DATA RECORDS section start

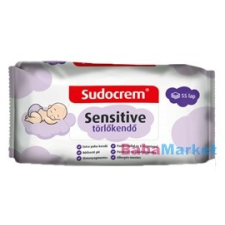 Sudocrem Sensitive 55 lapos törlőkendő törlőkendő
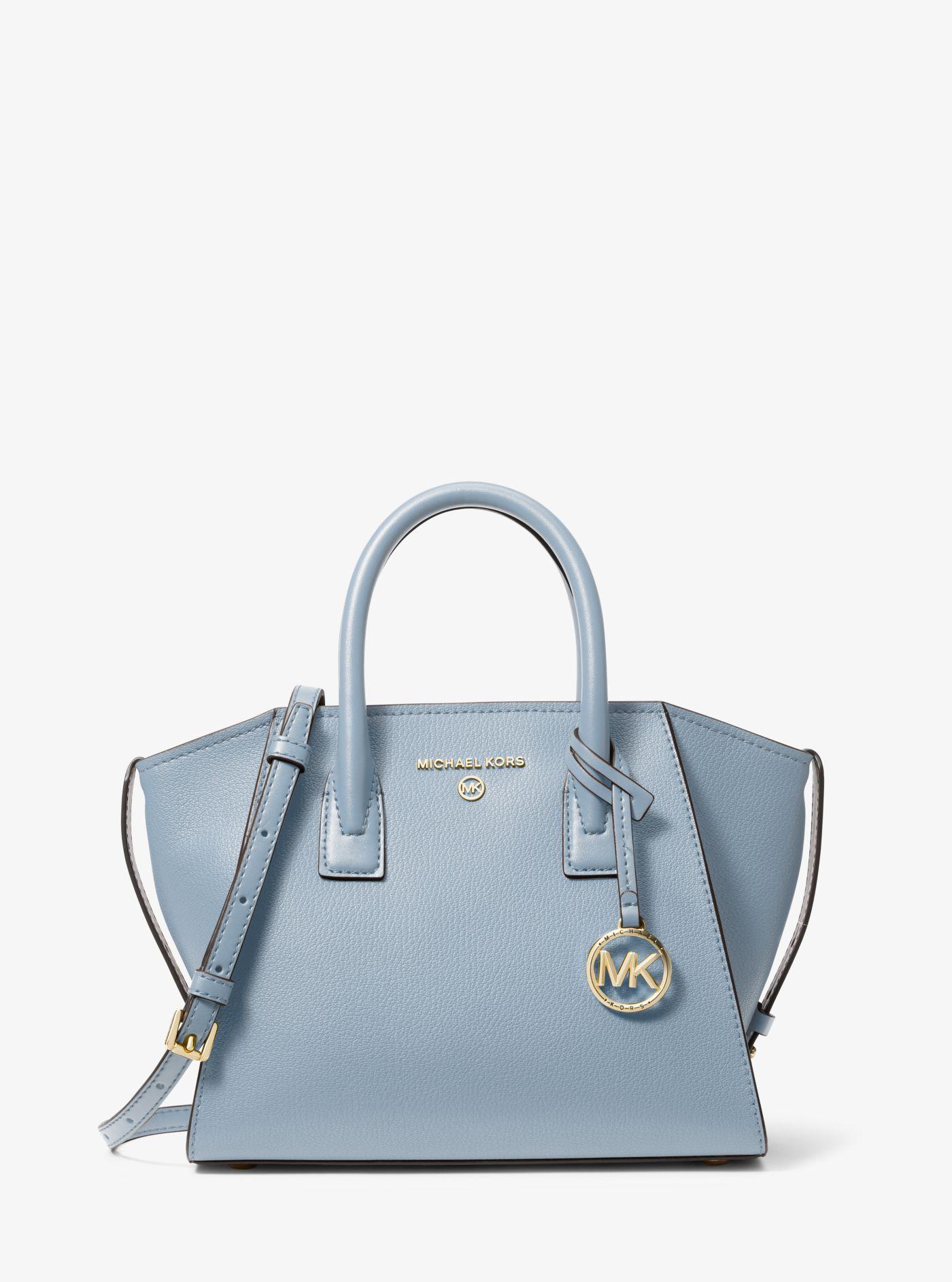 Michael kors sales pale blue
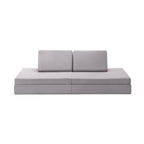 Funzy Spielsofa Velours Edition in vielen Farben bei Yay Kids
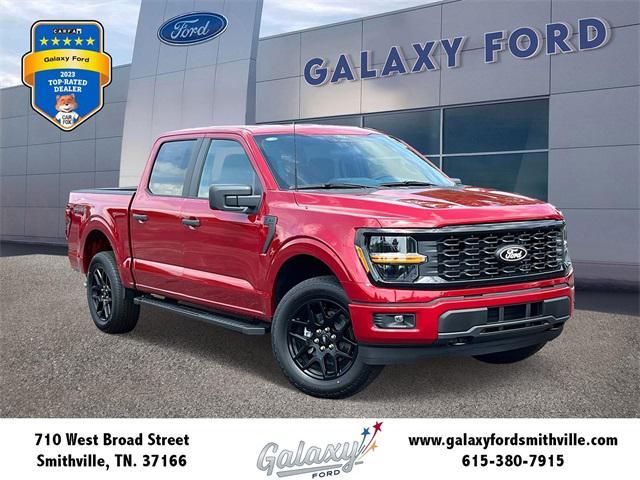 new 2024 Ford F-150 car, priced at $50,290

DATA RECORDS section end
DATA RECORDS section start

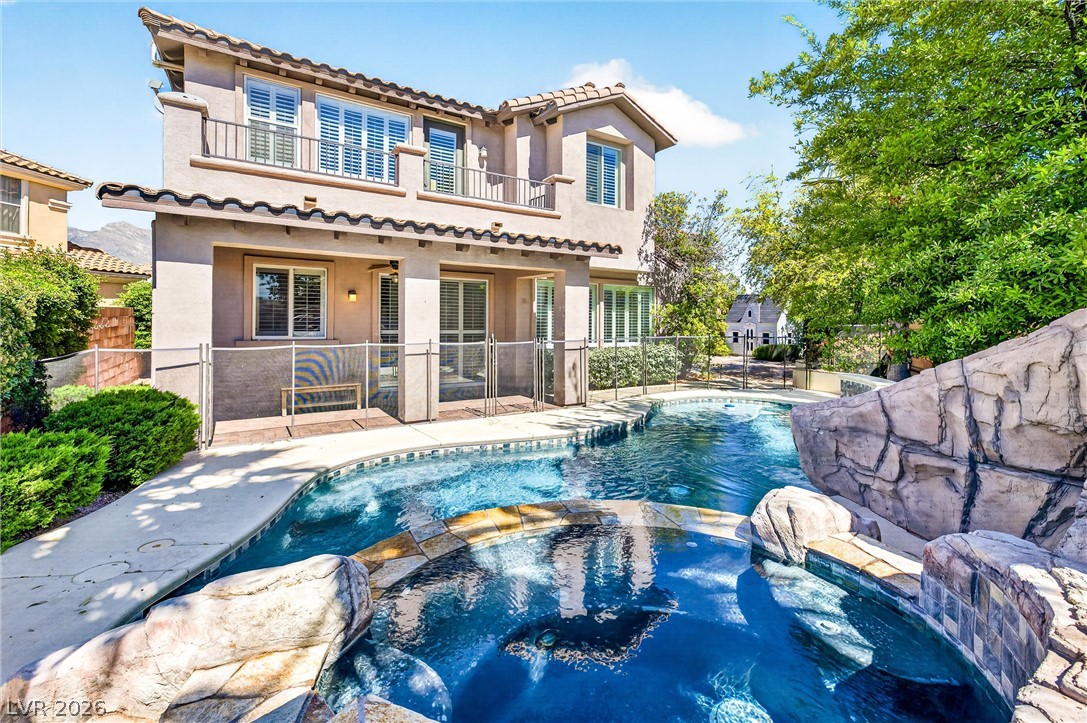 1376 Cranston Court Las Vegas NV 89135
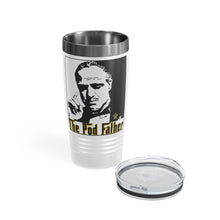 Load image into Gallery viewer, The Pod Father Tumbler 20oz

DATA RECORDS section end
DATA RECORDS section start

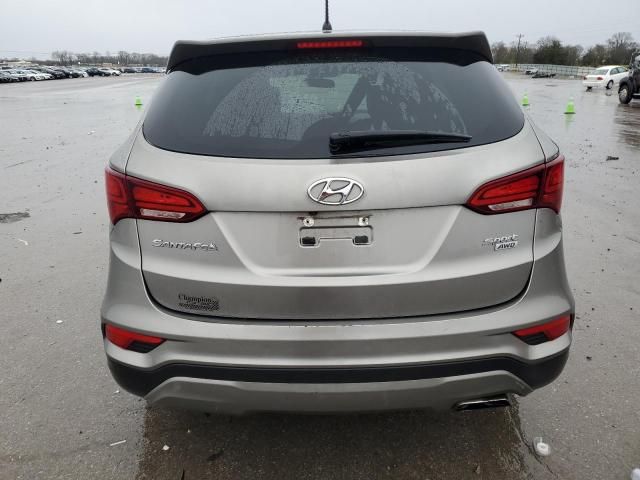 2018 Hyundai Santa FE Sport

DATA RECORDS section end

TASK: Starting at the line above that holds "1376 Cranston Court Las Vegas NV 89135", repeat every line exactly down to and including the line that holds "Load image into", then stop. Do not carry over any pictures.

YOUR RESPONSE:
 1376 Cranston Court Las Vegas NV 89135
 Load image into Gallery viewer, The Pod Father Tumbler 20oz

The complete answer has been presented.